* **Work required**: Leave the pictures out and print every record below exactly as it stands.

* **Record set**:
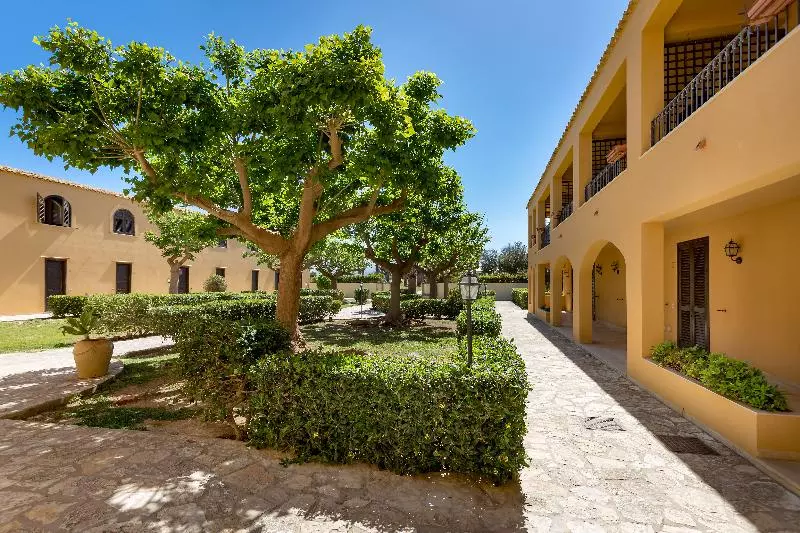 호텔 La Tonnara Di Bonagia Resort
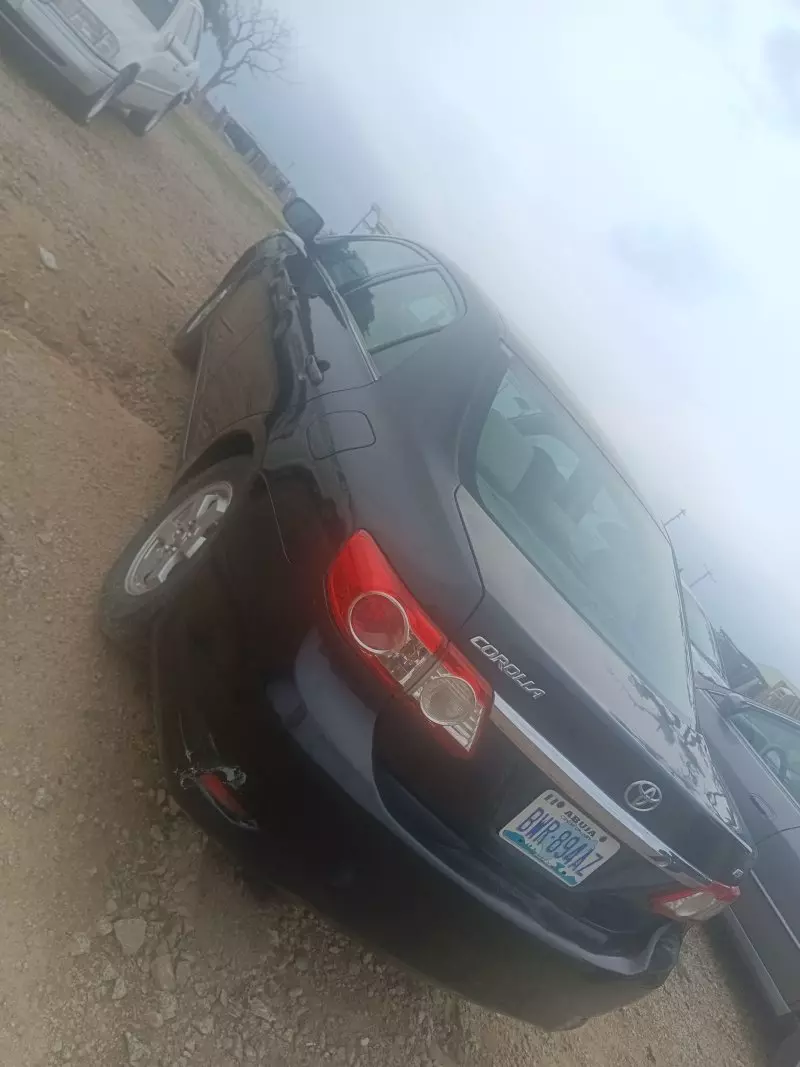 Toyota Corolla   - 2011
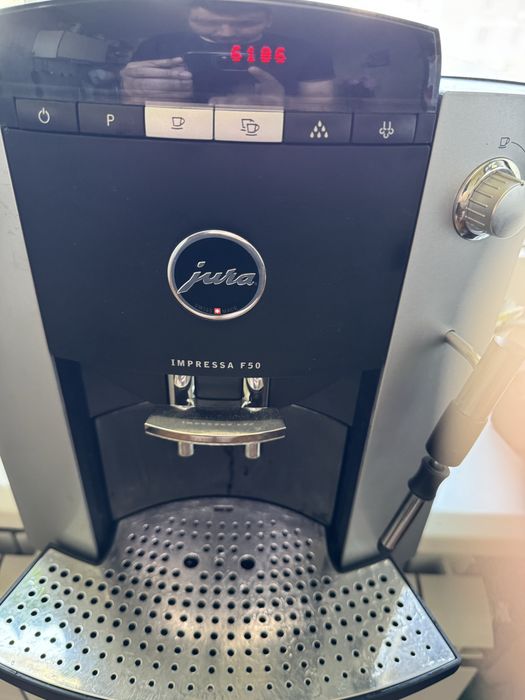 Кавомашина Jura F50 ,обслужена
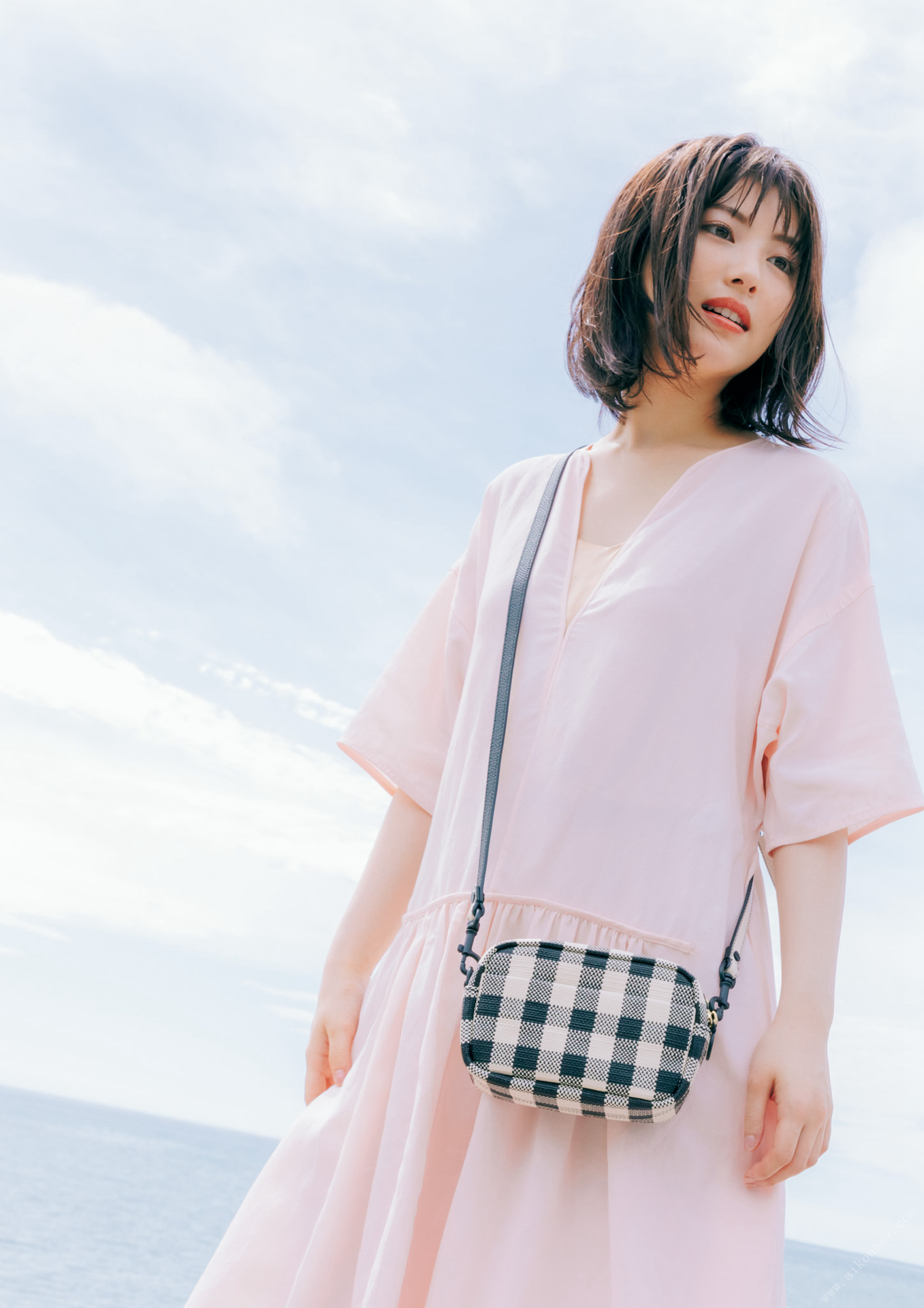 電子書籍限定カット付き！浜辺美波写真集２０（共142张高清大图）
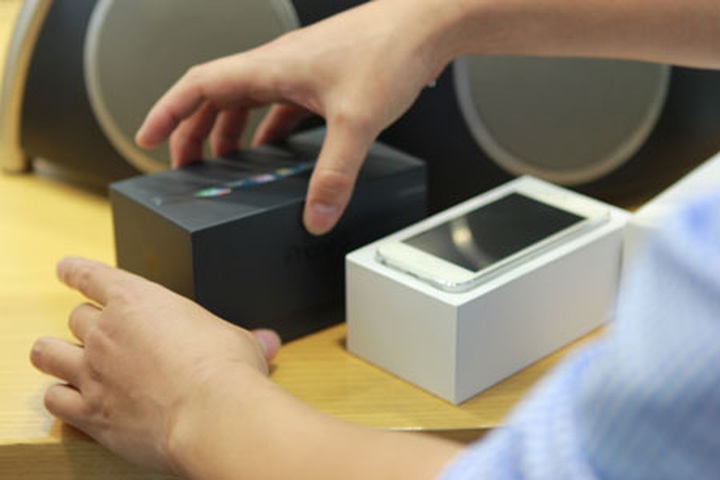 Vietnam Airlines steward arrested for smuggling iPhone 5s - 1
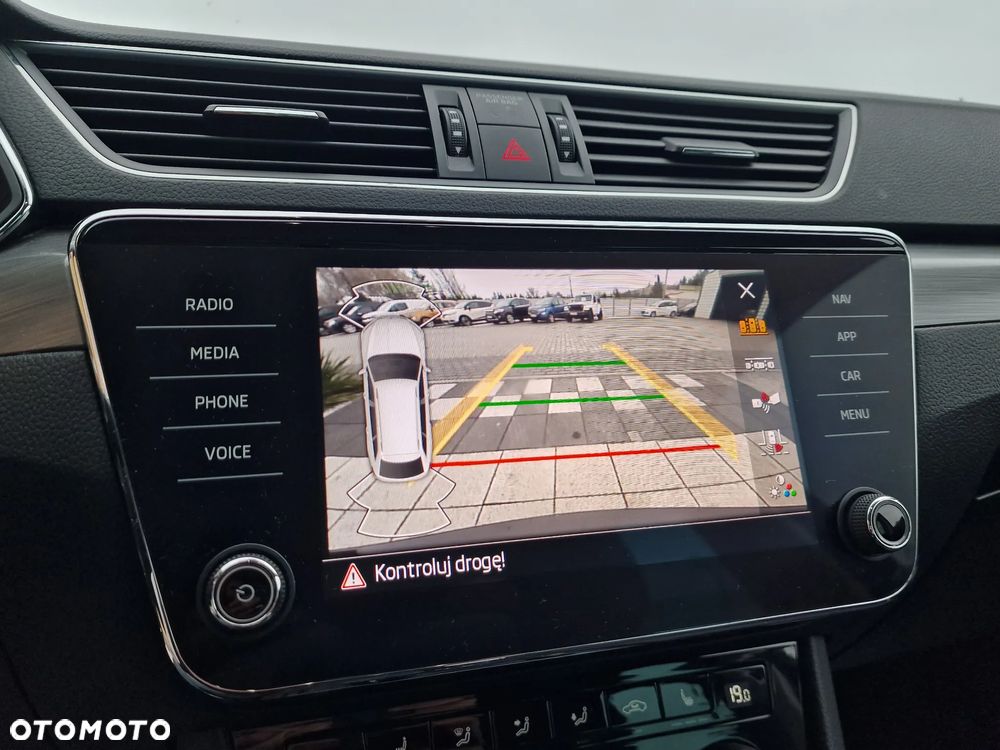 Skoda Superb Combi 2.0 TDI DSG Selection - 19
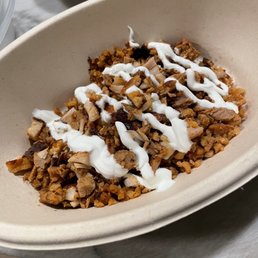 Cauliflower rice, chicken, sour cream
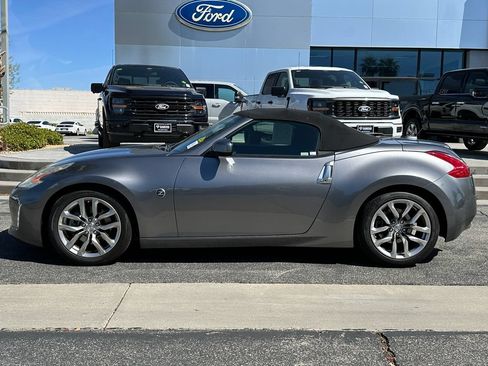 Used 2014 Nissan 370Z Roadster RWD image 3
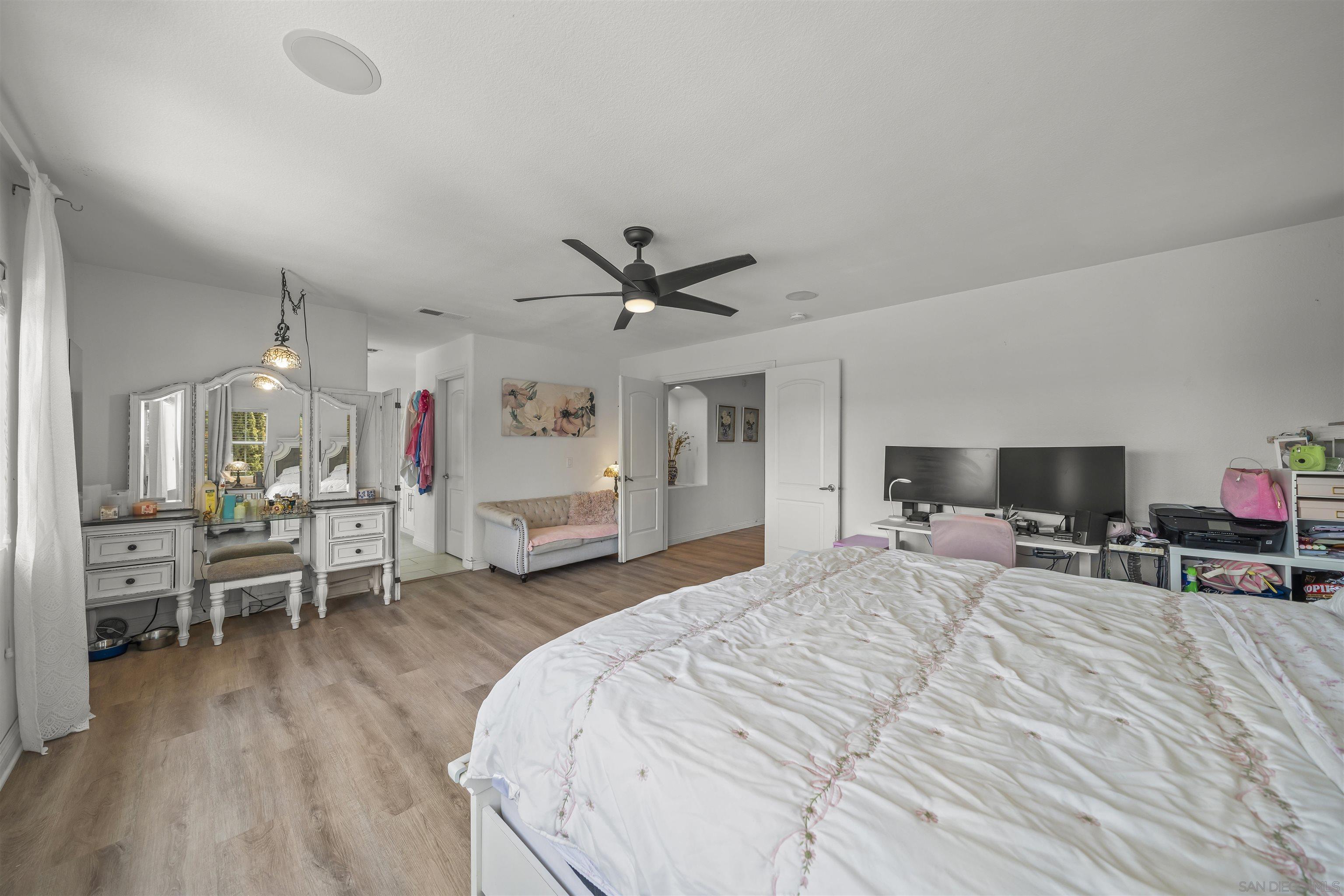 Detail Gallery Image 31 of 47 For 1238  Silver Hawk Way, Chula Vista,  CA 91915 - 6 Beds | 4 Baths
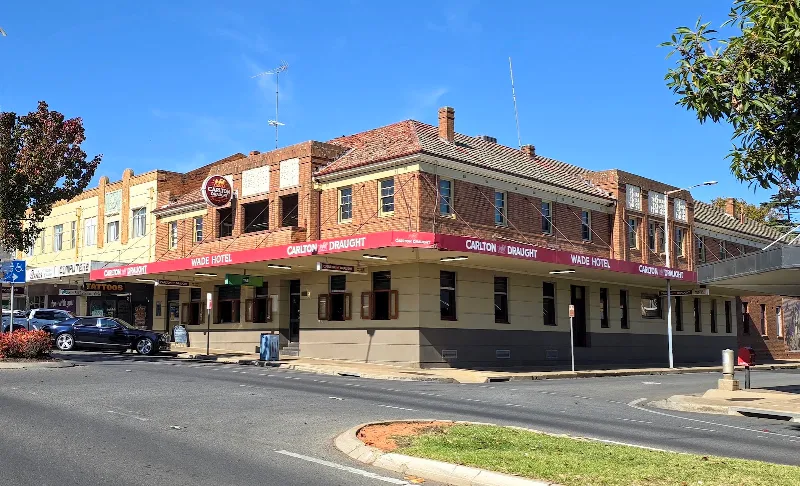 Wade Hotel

* **Written reply**:
 호텔 La Tonnara Di Bonagia Resort
 Toyota Corolla   - 2011
 Кавомашина Jura F50 ,обслужена
 電子書籍限定カット付き！浜辺美波写真集２０（共142张高清大图）
 Vietnam Airlines steward arrested for smuggling iPhone 5s - 1
 Skoda Superb Combi 2.0 TDI DSG Selection - 19
 Cauliflower rice, chicken, sour cream
 Used 2014 Nissan 370Z Roadster RWD image 3
 Detail Gallery Image 31 of 47 For 1238  Silver Hawk Way, Chula Vista,  CA 91915 - 6 Beds | 4 Baths
 Wade Hotel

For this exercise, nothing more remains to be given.